I just wanted to comment on the experience I have had the past couple of weeks with this scenario.

So you may or may not know I just sold most of the "unforgiven" Anubis sp. that were in a 55g I have. I took a few from that tank (55g 48" t-8, very little fertilization, no co2) and put them in my High tech 37g (click link in sig if you want to know the specs). Most of the leaves were shod in GSA if not BBA and suffering from one if not more nutrient deficiencies. I figured that if I put them in a good home they would bounce back.

If your familiar with Anubis plants you will know that most of the growh comes from the pre existing stems that have the leaves attatched to them, and also some from outright rhizome growth but this is a very slow process. After a slight rescape in the high-tech tank I decided to remove the plants from it because to me they looked worse to me, older leaves were looking horrible!!!

After closer inspection I found many, many new growths from the rhizomes of these forgetton plants. The leaves and stems that were protruding looked beautiful!!!

So in short if you are going to transplant unhealthy Anubis from one tank to another, especially of different lighting, and dosing regimines you will be better served just lopping off all of the old leaves and maybe even trimming down to nothing but a rhizome. In a month or two you will be rewarded with a transformation not often seen in the world of these painfully slow growing beauties!


----------



## davemonkey (Mar 29, 2008)

Thanks for sharing that info, bsmith782. I actually did that (just like you said, trimmed down to the bare rhizome) to a couple anubias and had great results.

Were all yours the same species/cultivar/variety (or did you have a couple different varieties)? Mine were both plain ol' 'nana'. I wonder if certain Anubias would pop back faster than others.

-Dave


----------



## bsmith (Dec 13, 2006)

No problem Dave. I always like sharing hopefully helpful info with people.
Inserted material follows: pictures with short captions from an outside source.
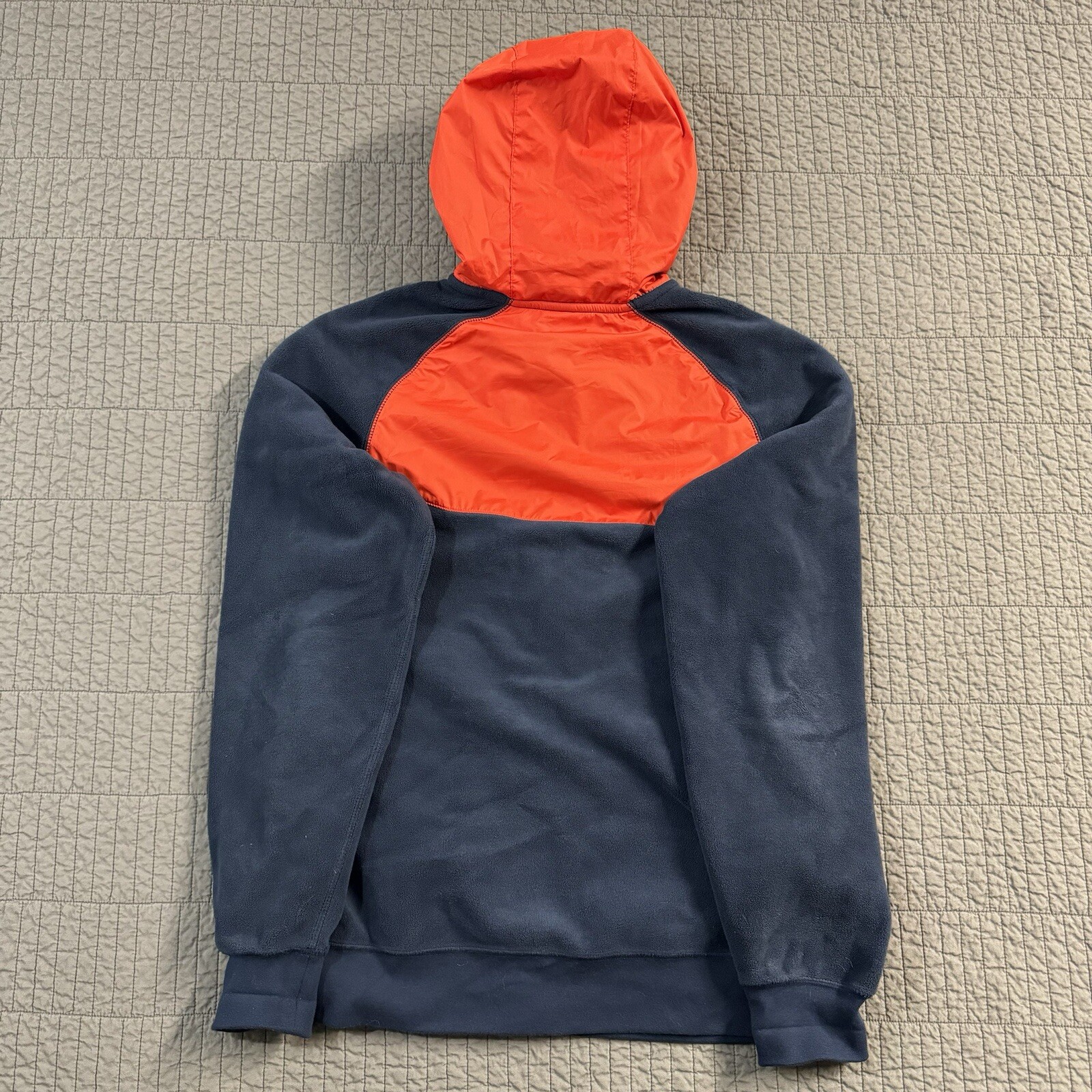 SACAI X NIKE Nike Sportswear Felpa con Cappuccio Uomo Blu Medio Rosso Polare Pile Zip Giacca Windrunner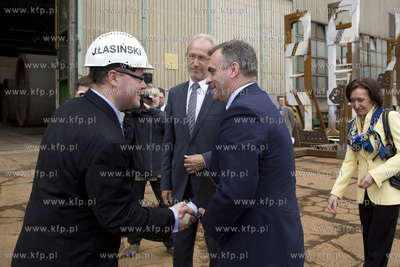 Wizyta Ministra Skarbu Włodzimierza Karpińskiego...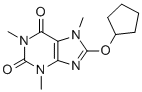 CAS#: 73747-33-8, 8-Cyclopentyloxy-1,3,7-Trimethylpurine-2,6-Dione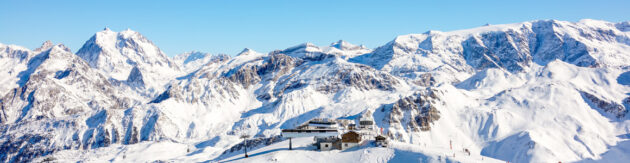 Frankreich Courchevel Ski Panorama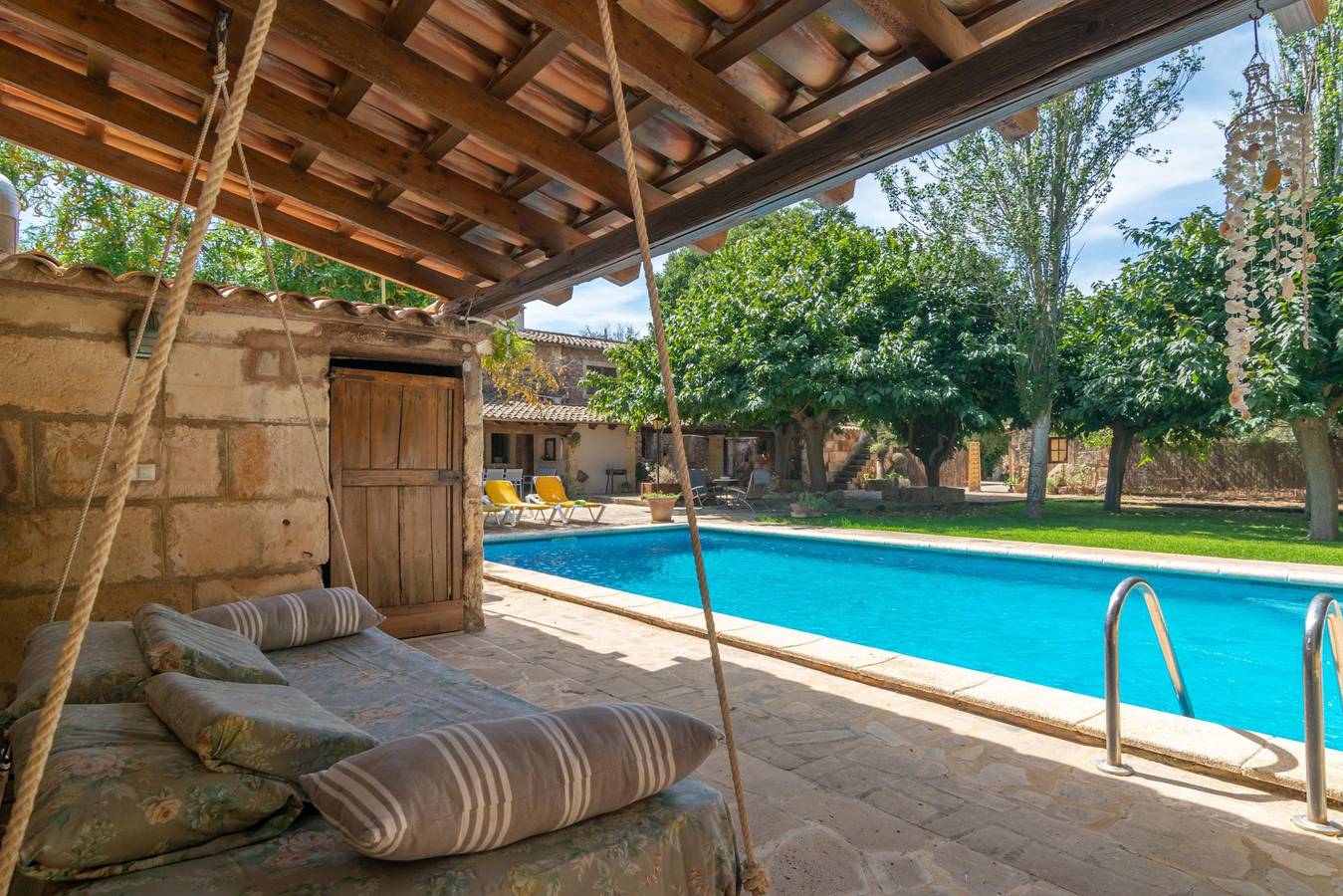Son Arboç Gran - Villa avec piscine privée et connexion Wi-Fi gratuite. in Algaida, Majorque l'intérieur des terres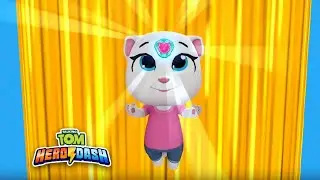 Talking Tom Hero Dash FULL SCREEN - Saving Angela Gameplay #4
The Anubis in question were actually all diferent (Coffeola, Golden and marbled leaf nana). The sp. that seemed to like the high tech environment the best was the Coffeola. It had the most new leafs coming from the rhizome.



davemonkey said:


> Thanks for sharing that info, bsmith782. I actually did that (just like you said, trimmed down to the bare rhizome) to a couple anubias and had great results.
> 
> Were all yours the same species/cultivar/variety (or did you have a couple different varieties)? Mine were both plain ol' 'nana'. I wonder if certain Anubias would pop back faster than others.
> 
> -Dave


----------



## The old man (Apr 12, 2008)

Will be bringing some leaves from my anubias that have begun to look like a lace plant to our NASH meeting Saturday.
Can't figure out why they are looking so bad.


----------